侍女が着替えさせてくれたのか……隠している宝石は気付かれなかったようだ。
「素晴らしい魔法ですね」
侯爵家のメイドが使用するクリーン魔法とは、段違いだ。
「クリーン魔法は、コツさえつかめば、初級メイドでも出来ますよ……フランソワーズ様にもお教えいたしましょうか?」
私が教えてほしそうな顔をしていたのを、侍女が気が付いた。
「ぜひお願いします。でも、私は『魔力ゼロ』だと言われていますので、発動できるかどうか……」
本当は、魔力ゼロではないが、私には秘密がある。
「フランソワーズ様は、努力家の令嬢だとうかがっています。試してみて、それから考えましょう」
侍女が優しく微笑んでくれた。それだけで、なんだか出来そうな気がする。
「聖なる力よ、フランソワーズの願いに応じ、清き姿を示せ! クリーン」
侍女から教えられたとおり、クリーン魔法を発動させてみた。
「キャ」
私の不安定な魔力では、上手く発動できず、救護用パジャマが、ところどころ破けた。
「あら? 魔力が強すぎましたね……おかしいですね『魔力ゼロ』のはずなのに。また今度、練習してみましょう」
失敗だった、しかたない。でも、お風呂の回数が減るのは寂しいけど、このクリーン魔法の、さっぱり感はクセになりそうだ。

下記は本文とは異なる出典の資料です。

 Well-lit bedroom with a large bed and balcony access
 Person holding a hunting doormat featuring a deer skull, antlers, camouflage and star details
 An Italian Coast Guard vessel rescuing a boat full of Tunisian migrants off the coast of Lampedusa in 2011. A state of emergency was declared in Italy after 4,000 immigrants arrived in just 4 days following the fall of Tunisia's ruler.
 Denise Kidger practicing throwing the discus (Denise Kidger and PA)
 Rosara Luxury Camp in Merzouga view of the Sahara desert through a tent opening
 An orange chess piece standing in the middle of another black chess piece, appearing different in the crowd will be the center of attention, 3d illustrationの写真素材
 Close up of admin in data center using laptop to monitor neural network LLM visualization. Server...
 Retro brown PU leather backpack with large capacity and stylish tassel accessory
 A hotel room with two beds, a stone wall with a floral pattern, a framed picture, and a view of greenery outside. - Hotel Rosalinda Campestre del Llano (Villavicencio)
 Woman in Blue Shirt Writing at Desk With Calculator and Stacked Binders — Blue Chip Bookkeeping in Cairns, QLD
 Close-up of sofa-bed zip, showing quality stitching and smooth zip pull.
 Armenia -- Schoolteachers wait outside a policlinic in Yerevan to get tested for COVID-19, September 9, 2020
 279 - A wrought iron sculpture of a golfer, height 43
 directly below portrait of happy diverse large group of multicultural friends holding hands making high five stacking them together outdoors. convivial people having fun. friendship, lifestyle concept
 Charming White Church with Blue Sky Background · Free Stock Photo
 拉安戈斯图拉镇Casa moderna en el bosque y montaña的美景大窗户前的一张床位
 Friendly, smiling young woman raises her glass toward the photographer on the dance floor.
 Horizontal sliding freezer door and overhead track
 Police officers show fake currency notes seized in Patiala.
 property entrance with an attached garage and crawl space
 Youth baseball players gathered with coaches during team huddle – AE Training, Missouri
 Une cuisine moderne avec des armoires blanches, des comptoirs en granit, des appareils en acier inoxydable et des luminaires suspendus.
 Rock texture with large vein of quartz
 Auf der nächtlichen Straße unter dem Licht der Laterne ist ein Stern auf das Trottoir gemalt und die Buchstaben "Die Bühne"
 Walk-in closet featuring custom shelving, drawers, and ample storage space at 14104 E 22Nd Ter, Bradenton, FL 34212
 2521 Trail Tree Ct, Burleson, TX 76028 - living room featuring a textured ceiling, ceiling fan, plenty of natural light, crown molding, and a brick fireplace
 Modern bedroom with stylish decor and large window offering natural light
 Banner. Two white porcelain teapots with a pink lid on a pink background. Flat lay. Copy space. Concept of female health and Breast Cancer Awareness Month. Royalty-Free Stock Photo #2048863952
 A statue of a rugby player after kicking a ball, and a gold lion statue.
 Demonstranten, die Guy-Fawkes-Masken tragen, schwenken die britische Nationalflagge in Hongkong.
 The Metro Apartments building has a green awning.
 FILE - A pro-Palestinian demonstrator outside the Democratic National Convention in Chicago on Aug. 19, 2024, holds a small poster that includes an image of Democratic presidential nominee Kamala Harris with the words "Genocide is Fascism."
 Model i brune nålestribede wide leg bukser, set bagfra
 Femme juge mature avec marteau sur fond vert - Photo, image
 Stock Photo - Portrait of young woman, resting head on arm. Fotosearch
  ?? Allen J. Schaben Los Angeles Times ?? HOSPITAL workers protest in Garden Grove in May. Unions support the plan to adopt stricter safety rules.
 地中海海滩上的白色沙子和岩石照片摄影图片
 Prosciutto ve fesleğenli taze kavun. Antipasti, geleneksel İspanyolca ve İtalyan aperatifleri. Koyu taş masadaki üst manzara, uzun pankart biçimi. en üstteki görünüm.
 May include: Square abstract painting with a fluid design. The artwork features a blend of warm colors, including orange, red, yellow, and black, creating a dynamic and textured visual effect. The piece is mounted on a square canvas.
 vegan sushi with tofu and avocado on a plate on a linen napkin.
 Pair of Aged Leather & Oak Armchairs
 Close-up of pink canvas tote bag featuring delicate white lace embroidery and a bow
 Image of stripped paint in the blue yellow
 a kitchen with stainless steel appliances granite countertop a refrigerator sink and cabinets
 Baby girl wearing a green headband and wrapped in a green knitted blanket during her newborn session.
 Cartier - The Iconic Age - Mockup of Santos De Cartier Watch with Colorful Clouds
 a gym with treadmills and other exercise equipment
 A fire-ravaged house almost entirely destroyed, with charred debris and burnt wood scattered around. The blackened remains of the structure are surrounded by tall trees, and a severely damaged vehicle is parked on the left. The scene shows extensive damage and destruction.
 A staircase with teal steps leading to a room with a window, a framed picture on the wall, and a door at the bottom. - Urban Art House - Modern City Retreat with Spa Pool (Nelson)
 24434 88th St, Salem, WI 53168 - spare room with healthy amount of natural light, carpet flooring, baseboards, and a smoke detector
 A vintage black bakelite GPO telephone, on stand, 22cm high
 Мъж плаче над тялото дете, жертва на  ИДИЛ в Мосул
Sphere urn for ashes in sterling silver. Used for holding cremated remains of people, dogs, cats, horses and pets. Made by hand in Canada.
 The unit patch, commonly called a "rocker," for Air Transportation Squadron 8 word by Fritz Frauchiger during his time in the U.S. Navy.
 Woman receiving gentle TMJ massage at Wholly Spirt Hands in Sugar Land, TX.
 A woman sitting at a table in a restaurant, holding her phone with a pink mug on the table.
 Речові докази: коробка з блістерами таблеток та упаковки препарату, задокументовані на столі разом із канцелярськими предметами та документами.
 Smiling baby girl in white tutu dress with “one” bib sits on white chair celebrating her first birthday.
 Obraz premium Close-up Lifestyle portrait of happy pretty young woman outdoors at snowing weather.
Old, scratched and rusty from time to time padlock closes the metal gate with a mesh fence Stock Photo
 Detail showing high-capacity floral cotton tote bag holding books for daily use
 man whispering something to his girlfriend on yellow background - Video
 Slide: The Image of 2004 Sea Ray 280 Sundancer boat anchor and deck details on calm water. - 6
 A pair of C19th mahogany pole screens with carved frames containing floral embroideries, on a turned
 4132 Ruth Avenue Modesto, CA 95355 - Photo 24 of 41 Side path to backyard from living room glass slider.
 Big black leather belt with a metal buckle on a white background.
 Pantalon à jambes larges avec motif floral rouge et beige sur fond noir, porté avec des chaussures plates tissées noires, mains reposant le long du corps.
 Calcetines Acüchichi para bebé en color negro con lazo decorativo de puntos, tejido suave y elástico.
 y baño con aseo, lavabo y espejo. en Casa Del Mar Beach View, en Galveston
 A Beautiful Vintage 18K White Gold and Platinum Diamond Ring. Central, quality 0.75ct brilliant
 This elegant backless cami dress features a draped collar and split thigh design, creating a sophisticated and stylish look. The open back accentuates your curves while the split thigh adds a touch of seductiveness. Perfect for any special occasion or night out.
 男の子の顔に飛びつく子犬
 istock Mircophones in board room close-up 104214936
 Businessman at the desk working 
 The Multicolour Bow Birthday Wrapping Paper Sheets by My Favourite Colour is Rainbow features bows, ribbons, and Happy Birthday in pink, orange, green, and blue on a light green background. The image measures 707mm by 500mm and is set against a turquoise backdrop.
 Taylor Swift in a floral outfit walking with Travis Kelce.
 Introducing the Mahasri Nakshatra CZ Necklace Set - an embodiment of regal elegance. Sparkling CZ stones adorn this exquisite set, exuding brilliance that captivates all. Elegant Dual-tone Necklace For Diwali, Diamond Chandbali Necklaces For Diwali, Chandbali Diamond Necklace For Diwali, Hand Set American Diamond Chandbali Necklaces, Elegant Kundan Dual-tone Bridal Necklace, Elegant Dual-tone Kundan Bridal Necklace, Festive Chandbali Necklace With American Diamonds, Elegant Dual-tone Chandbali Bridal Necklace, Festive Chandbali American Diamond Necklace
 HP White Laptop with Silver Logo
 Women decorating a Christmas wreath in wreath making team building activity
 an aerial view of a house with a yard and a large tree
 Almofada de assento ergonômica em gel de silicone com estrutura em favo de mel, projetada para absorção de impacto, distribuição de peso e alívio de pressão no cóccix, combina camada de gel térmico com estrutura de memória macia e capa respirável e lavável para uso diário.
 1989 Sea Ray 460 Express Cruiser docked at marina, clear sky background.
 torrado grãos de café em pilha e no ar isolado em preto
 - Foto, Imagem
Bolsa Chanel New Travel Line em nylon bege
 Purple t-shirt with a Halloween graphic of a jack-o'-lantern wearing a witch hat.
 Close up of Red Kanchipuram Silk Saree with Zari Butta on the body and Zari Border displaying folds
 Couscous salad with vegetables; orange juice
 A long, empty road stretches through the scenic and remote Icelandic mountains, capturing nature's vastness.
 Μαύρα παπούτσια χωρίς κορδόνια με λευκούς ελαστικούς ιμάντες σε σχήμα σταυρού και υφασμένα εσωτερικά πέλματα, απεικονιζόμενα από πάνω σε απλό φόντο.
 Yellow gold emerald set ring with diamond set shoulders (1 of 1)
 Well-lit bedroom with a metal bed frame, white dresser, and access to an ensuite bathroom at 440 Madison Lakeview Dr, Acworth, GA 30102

「マーキュリー、もういいかな? ちゃんと服を着たから」
王弟殿下が、カーテンの外から訊いてきた。
侍女の名前はマーキュリーと言うらしい。王弟殿下より少し年上のような、大人の雰囲気を持つ女性だ。
しかし、今度は逆に私のほうが、ところどころ肌が露出している。どうしよう。
「フランソワーズ様、これでよろしければ、お使いください」
侍女が、破けたパジャマを見て、自分のブレザーを貸してくれた。
「お心遣い、ありがとうございます」
侍女のブレザーを羽織ったら、少し、落ち着いた。
私も、この侍女のような、心配りが出来る大人になりたいと思う……あれ? 胸がガバガバだ。シャツ姿のマーキュリーさんを見ると、胸が大きい……とほほ。